═══ MATERIAL TO PROCESS ═══

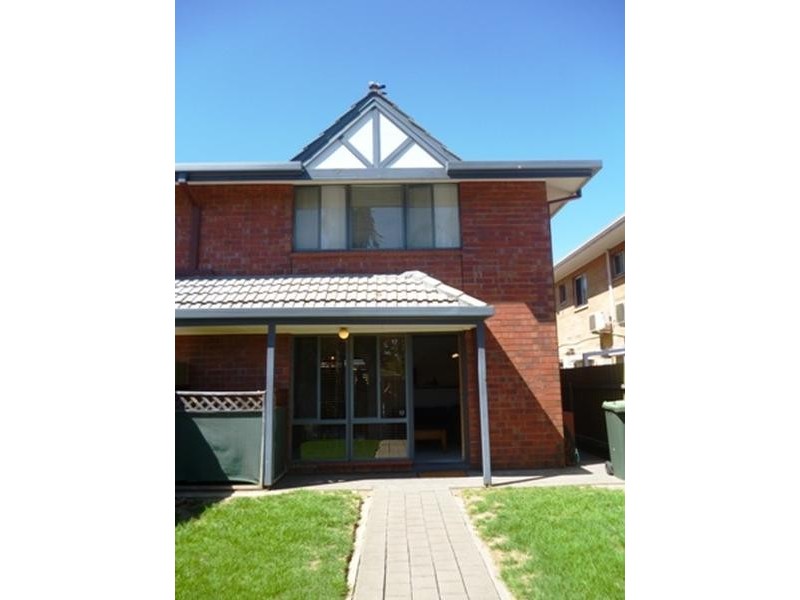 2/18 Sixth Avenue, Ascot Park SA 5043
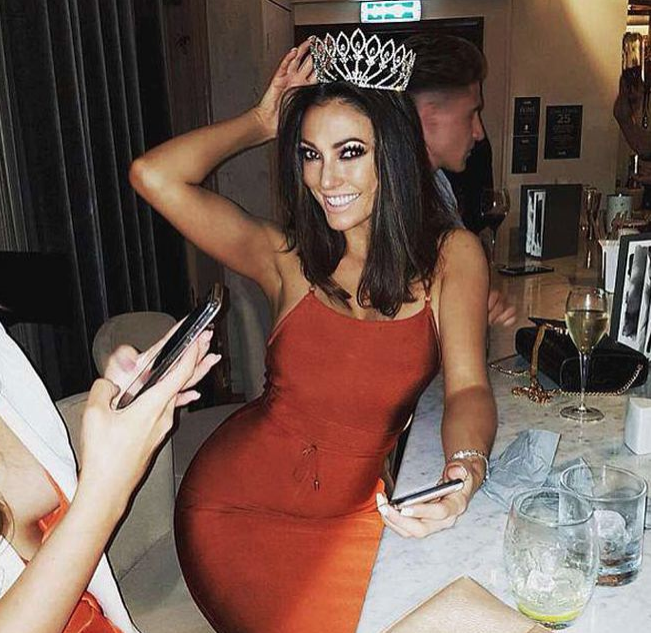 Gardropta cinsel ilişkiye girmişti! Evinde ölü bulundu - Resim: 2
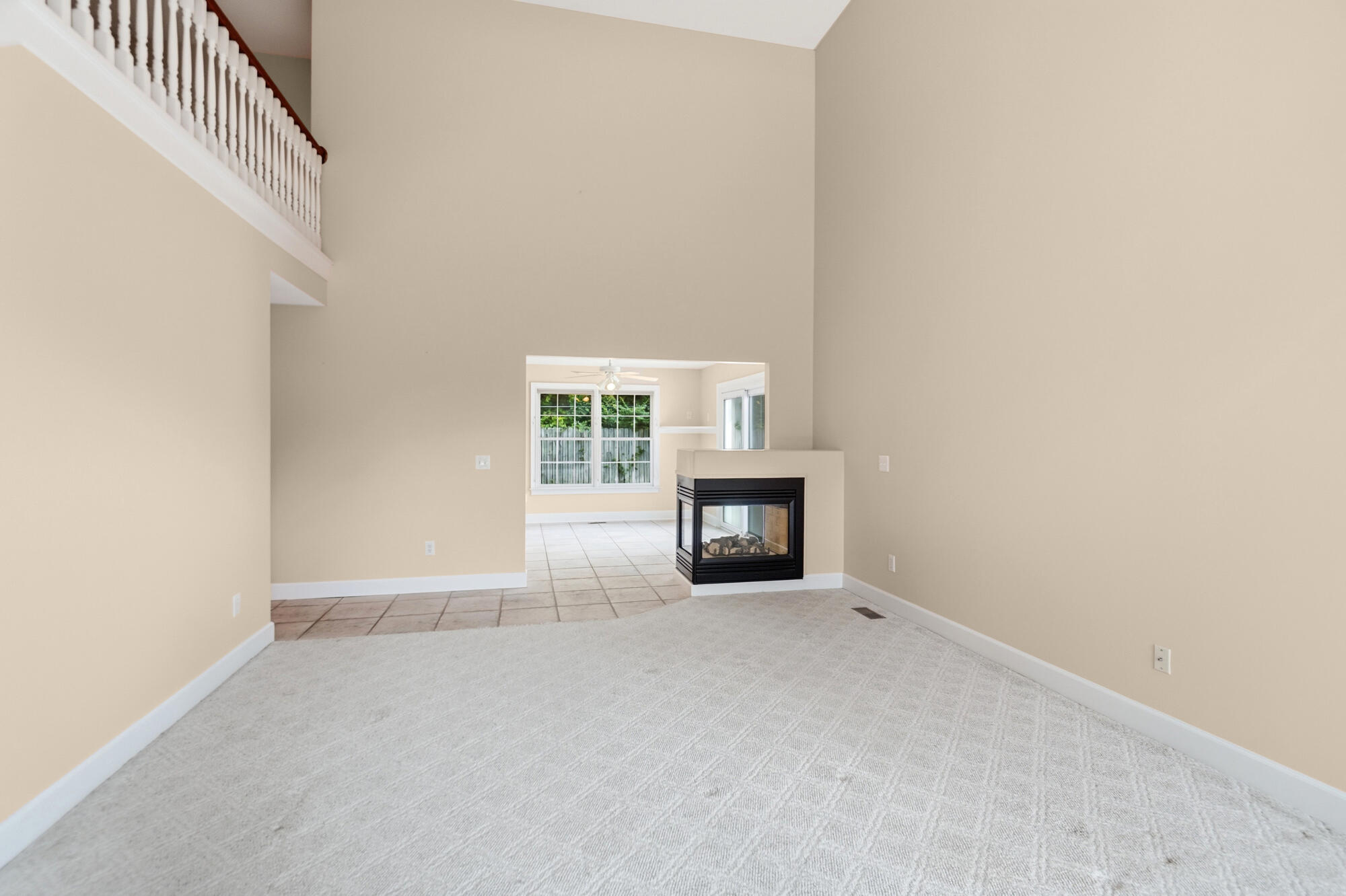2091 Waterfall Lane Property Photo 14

═══
═══ MATERIAL TO PROCESS ═══

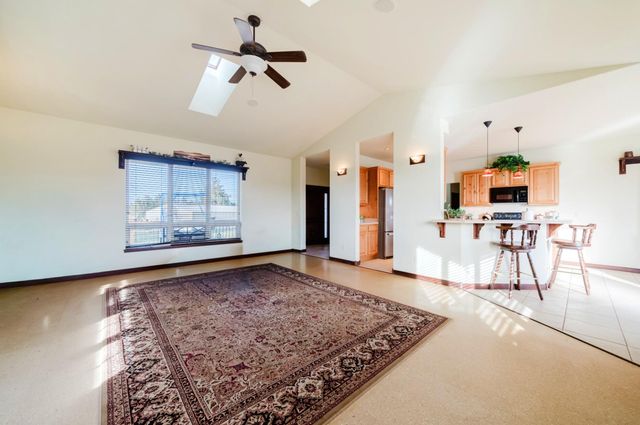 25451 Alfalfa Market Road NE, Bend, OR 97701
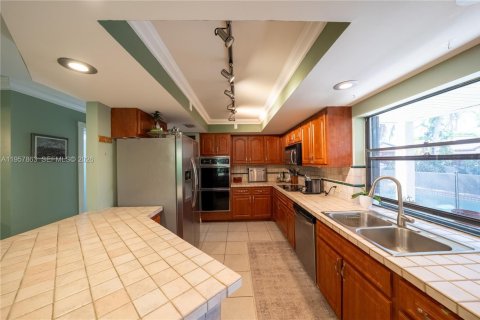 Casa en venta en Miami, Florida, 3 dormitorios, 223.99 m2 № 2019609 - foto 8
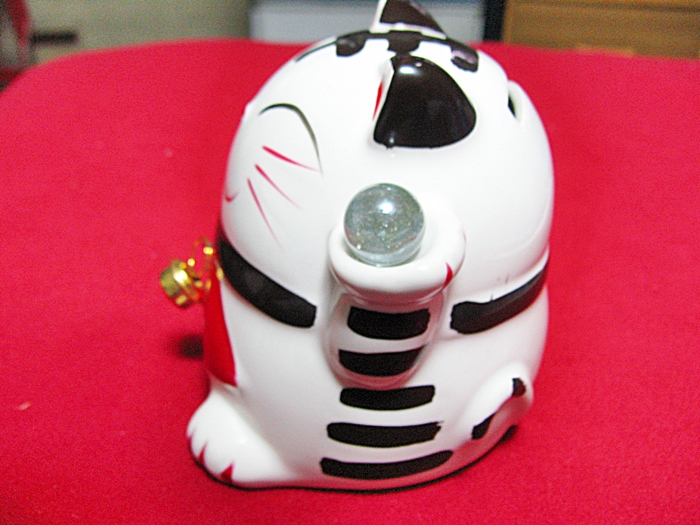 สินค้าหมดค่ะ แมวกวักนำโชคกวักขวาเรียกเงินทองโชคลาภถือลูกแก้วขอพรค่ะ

═══

- _ACTIVITY_:
Print exactly the lines above that run from the one with "25451 Alfalfa Market Road NE, Bend, OR 97701" to the one with "สินค้าหมดค่ะ แ", both included. No pictures.

- _REPLY_:
 25451 Alfalfa Market Road NE, Bend, OR 97701
 Casa en venta en Miami, Florida, 3 dormitorios, 223.99 m2 № 2019609 - foto 8
 สินค้าหมดค่ะ แมวกวักนำโชคกวักขวาเรียกเงินทองโชคลาภถือลูกแก้วขอพรค่ะ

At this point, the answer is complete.